Microsoft and its existing hardware partners are the most likely to suffer bad effects from the company's 'iPod killer' plans, Macworld readers believe.
We asked readers who would suffer most from Microsoft's iPod killer plans. 42 per cent of the 1,708 votes received - 722 readers - warn that MP3 player makers (other than Apple) would be the most likely victims of Microsoft's market move.
"It will be Microsoft's partners, who have promoted Windows Media and the exisiting Play For Sure campaign who will suffer first," one reader wrote.
"Unless the Microsoft offering is completely pants, I guess it will pretty much wipe out the non-Apple competition for MP3 players, except for the cheapest of the cheap pen-drive type devices," another observed.

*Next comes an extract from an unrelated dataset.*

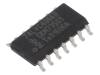74LVC4066D.112 IC: аналоговый переключатель; SPST, переключатель; Каналы:4; SMD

Another reader is rankled at Microsoft's continued belligerence at gaining market share everywhere: "Why can't Microsoft products co-exist? Why do they have to consume, take over, obliterate and kill all the time?"

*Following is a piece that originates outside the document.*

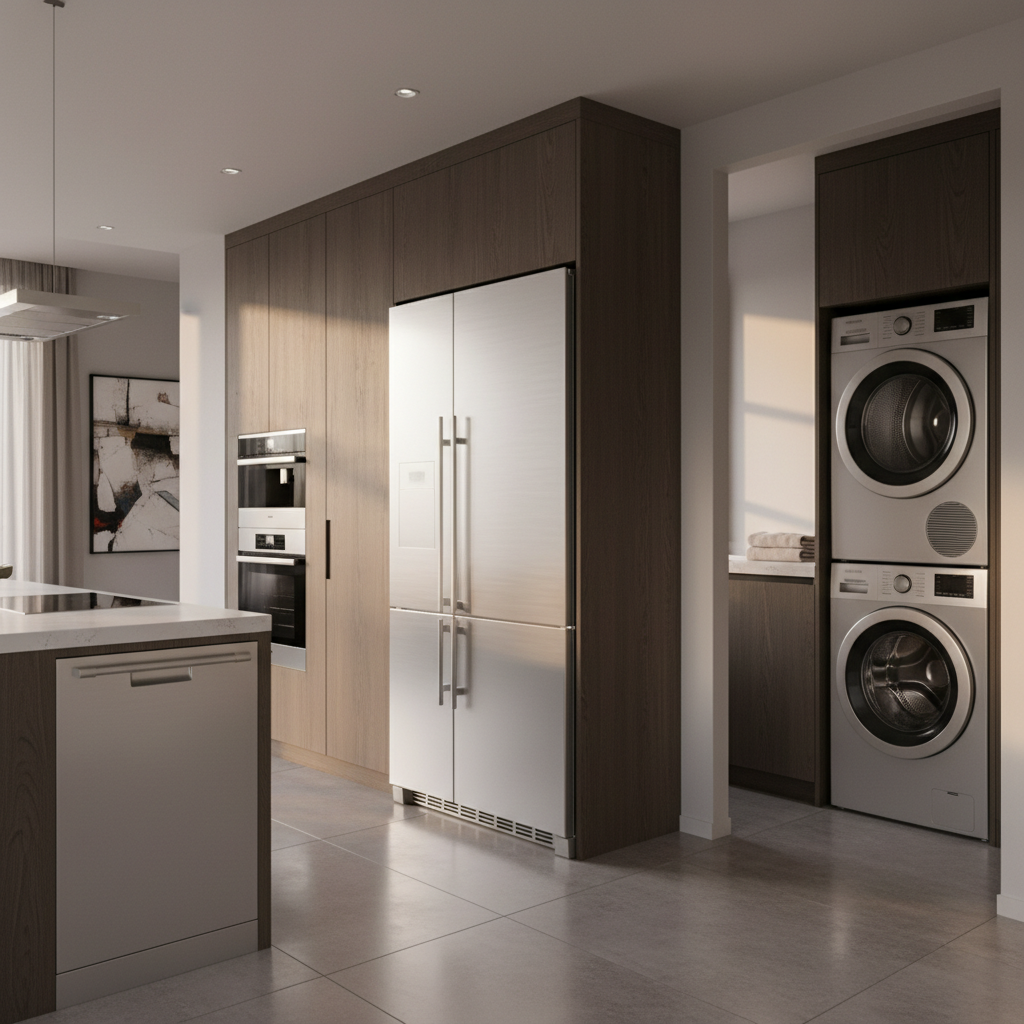 Premium appliance suite for Bosch repair services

Readers warn (36 per cent of readers, 616 readers in all) that Microsoft may suffer too. The company has confirmed itself to be willing to spend heavily on making a successful iPod competitor, but stands to lose millions if it fails.
Other likely losers appeared to be "consumers" (12 per cent, 210 votes) and "record companies" (2 per cent, 29 votes).
Just 7 per cent of readers (123 votes) think Apple will suffer at Microsoft's debut into its music market.
"I think it's going to be a very complicated situation. Steve Jobs will relish the opportunity to humiliate Microsoft now that it has chosen to fight him where he is strongest. There's no doubt that he will launch the most innovative iPod possible to leave the Zune in the dust. Winners: consumers. Losers: Microsoft's former partners who were making other MP3 players.
"My feeling is that Zune won't live up to the hype and will spectacularly fail on its own," one reader remarked.